### EXERCISE OBJECTIVE
Repeat the whole listing below with nothing added or dropped.

### GIVEN MATERIAL
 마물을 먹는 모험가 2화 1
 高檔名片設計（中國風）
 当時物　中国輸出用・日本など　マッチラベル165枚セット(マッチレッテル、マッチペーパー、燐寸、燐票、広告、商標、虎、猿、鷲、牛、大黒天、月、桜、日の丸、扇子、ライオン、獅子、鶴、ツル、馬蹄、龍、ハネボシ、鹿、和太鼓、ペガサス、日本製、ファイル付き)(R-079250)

### YOUR RESPONSE
 마물을 먹는 모험가 2화 1
 高檔名片設計（中國風）
 当時物　中国輸出用・日本など　マッチラベル165枚セット(マッチレッテル、マッチペーパー、燐寸、燐票、広告、商標、虎、猿、鷲、牛、大黒天、月、桜、日の丸、扇子、ライオン、獅子、鶴、ツル、馬蹄、龍、ハネボシ、鹿、和太鼓、ペガサス、日本製、ファイル付き)(R-079250)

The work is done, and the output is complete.